What needs to be done » Exactly as written, set down each line of the data below except its pictures.

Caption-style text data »
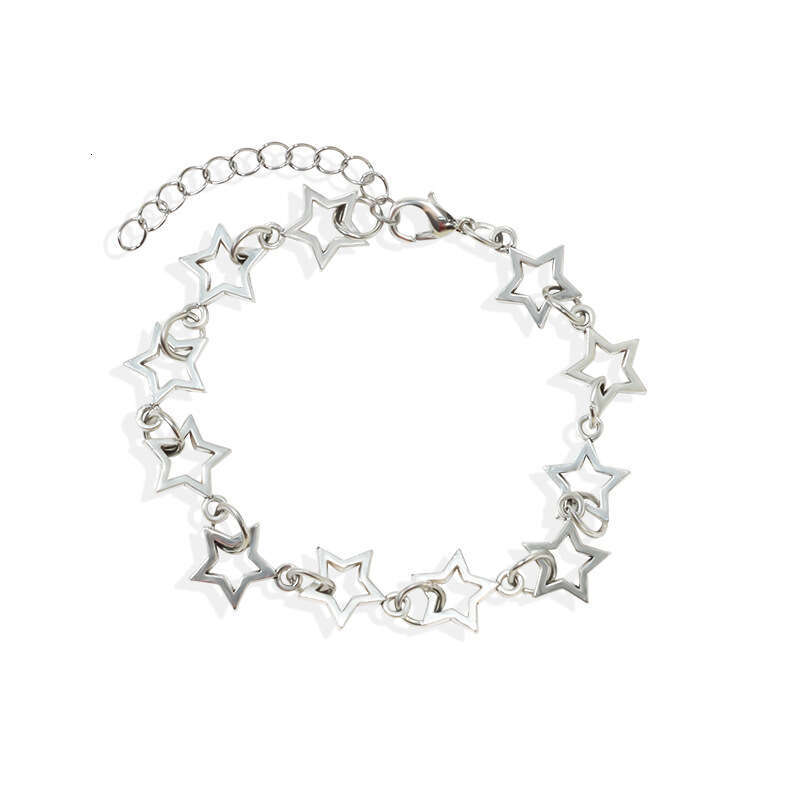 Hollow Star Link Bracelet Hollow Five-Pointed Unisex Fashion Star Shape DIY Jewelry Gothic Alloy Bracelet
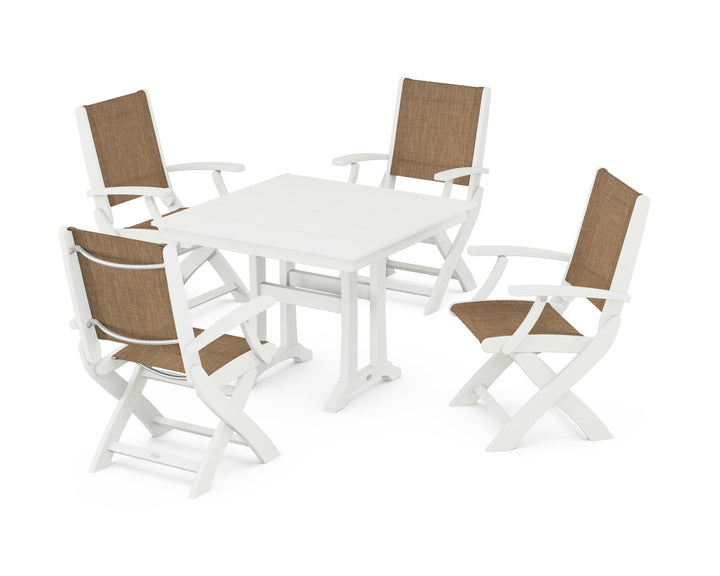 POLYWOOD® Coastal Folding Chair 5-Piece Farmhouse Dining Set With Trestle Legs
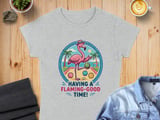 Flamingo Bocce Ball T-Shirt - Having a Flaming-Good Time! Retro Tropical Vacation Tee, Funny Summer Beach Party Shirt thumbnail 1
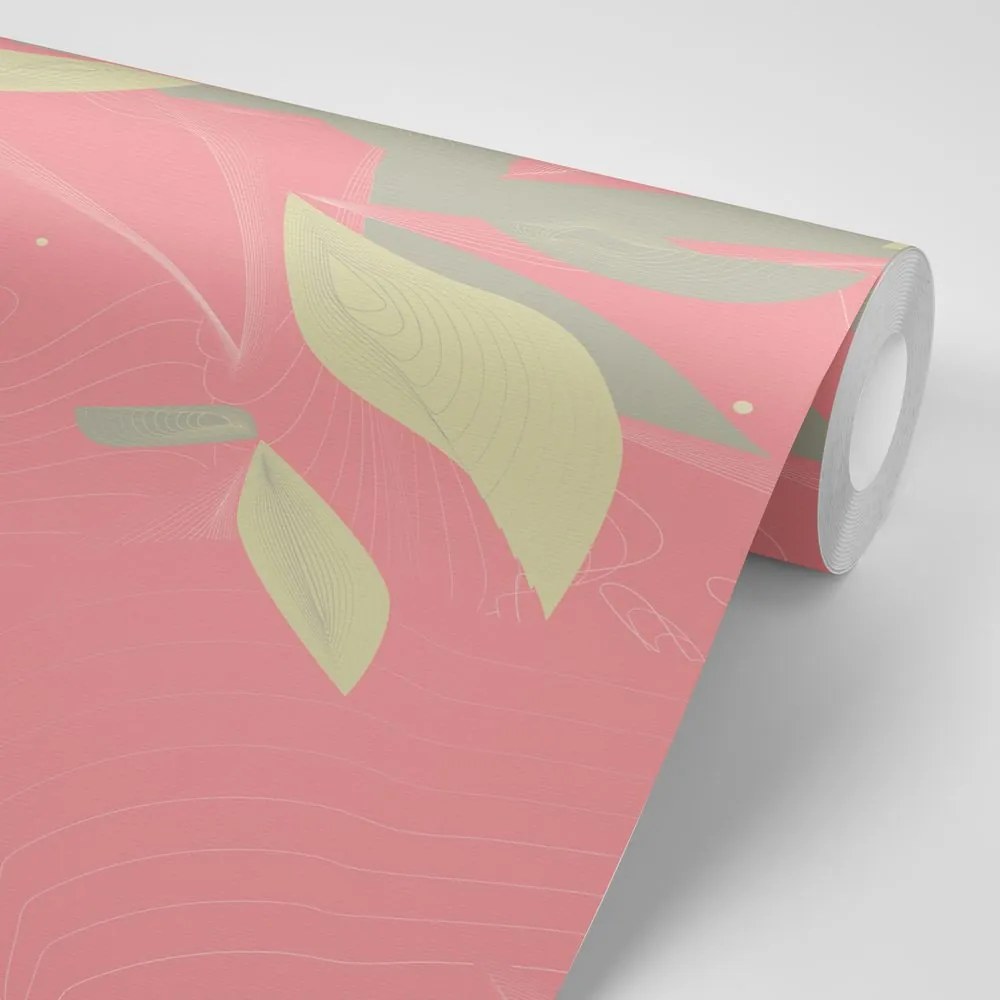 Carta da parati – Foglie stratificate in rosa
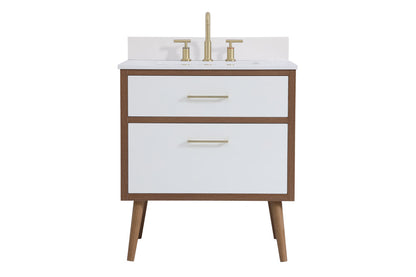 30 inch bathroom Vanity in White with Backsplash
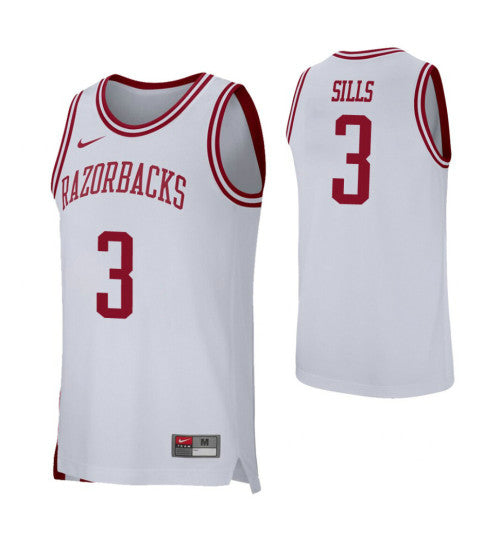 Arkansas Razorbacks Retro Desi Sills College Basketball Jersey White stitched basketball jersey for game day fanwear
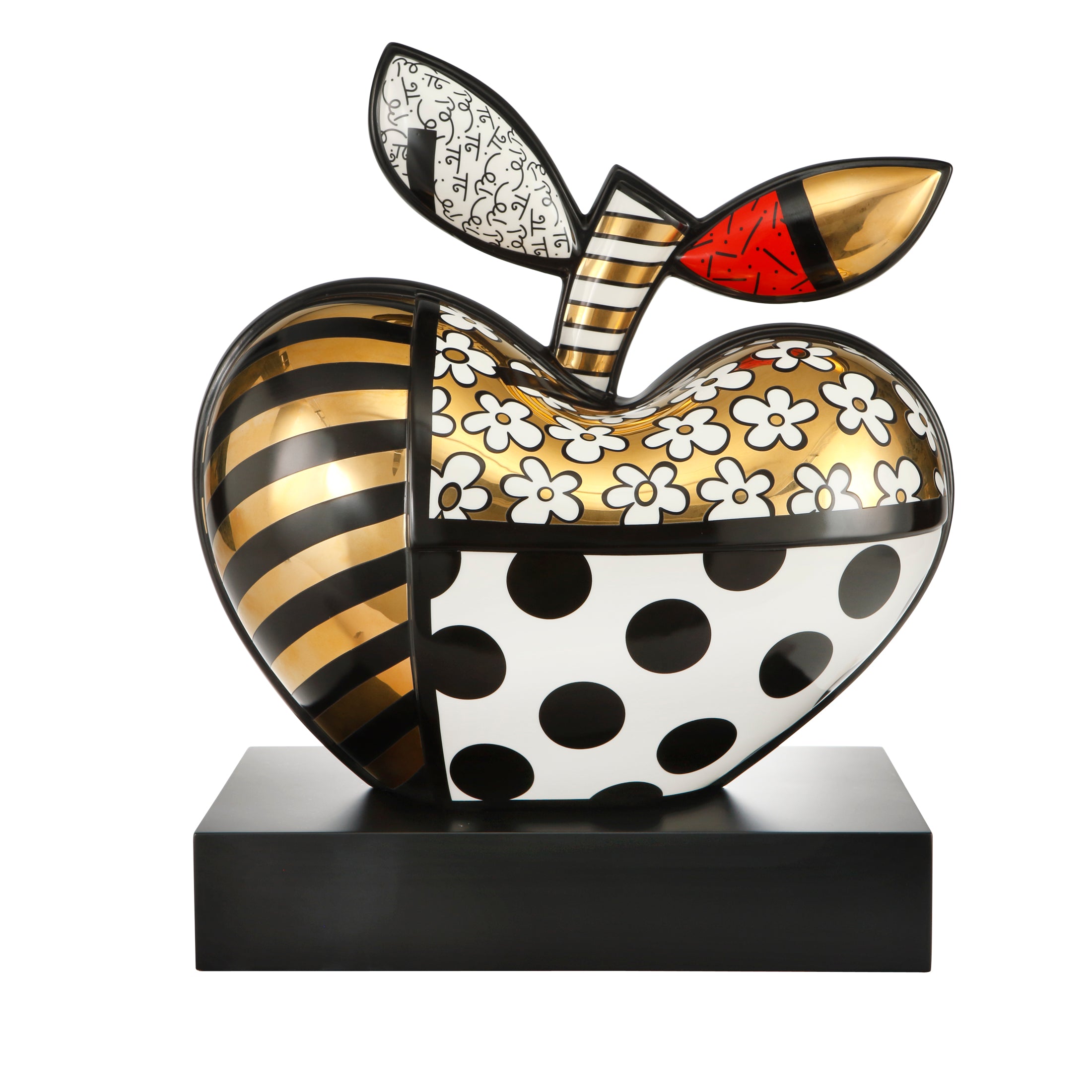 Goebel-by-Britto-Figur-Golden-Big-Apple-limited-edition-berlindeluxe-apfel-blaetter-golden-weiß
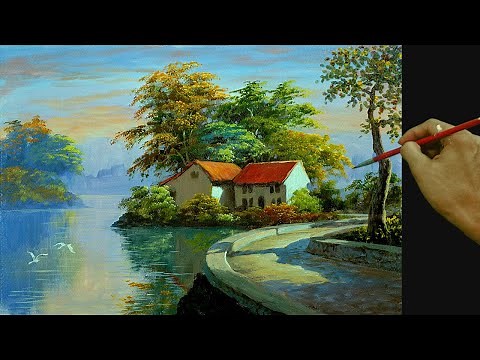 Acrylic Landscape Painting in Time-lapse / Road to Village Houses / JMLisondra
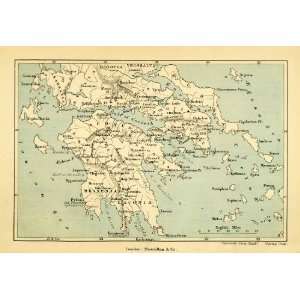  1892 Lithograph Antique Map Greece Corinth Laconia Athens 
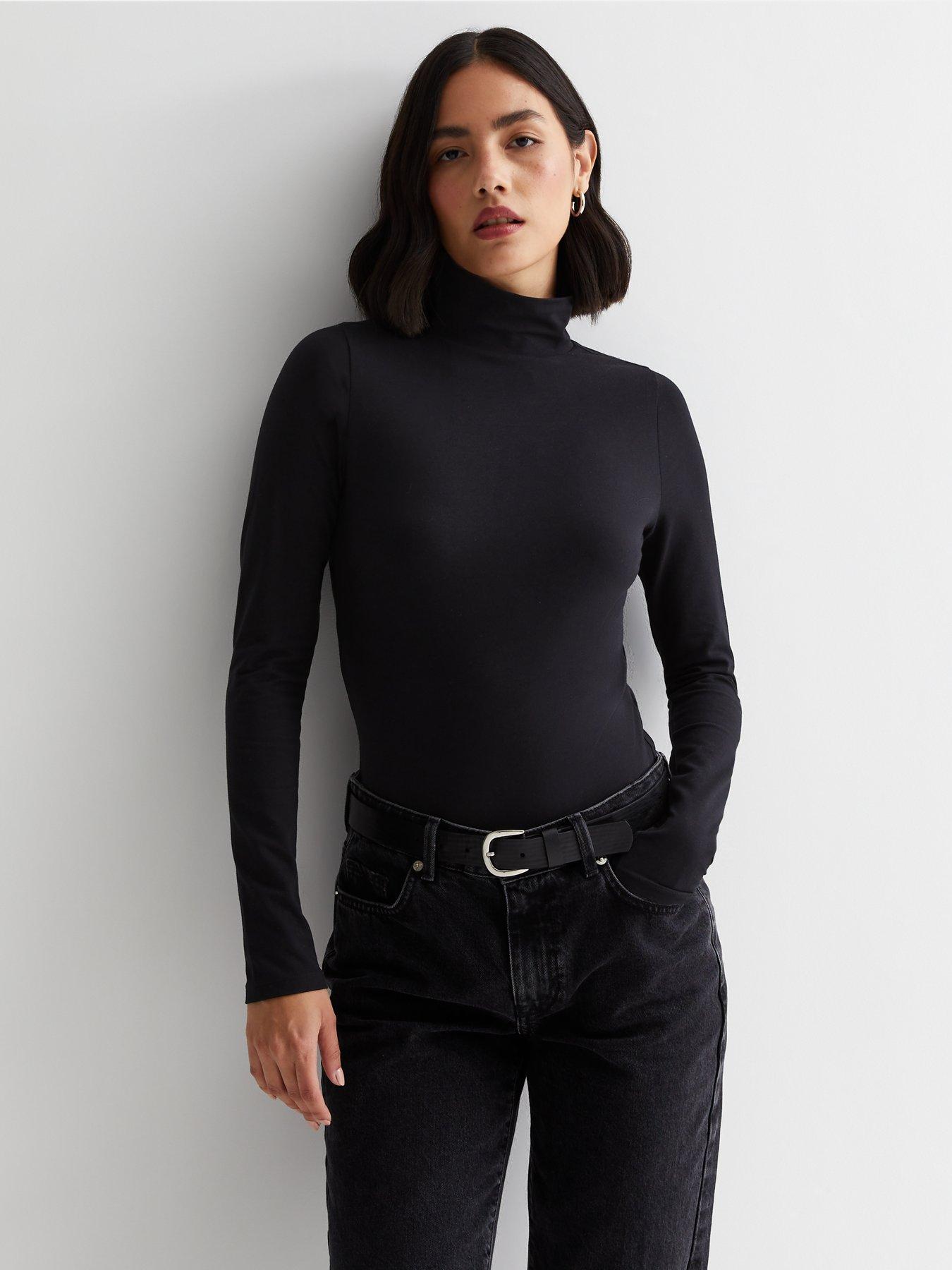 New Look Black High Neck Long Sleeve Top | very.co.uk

Response for this exercise »
 Hollow Star Link Bracelet Hollow Five-Pointed Unisex Fashion Star Shape DIY Jewelry Gothic Alloy Bracelet
 POLYWOOD® Coastal Folding Chair 5-Piece Farmhouse Dining Set With Trestle Legs
 Flamingo Bocce Ball T-Shirt - Having a Flaming-Good Time! Retro Tropical Vacation Tee, Funny Summer Beach Party Shirt thumbnail 1
 Carta da parati – Foglie stratificate in rosa
 30 inch bathroom Vanity in White with Backsplash
 Arkansas Razorbacks Retro Desi Sills College Basketball Jersey White stitched basketball jersey for game day fanwear
 Goebel-by-Britto-Figur-Golden-Big-Apple-limited-edition-berlindeluxe-apfel-blaetter-golden-weiß
 Acrylic Landscape Painting in Time-lapse / Road to Village Houses / JMLisondra
  1892 Lithograph Antique Map Greece Corinth Laconia Athens 
 New Look Black High Neck Long Sleeve Top | very.co.uk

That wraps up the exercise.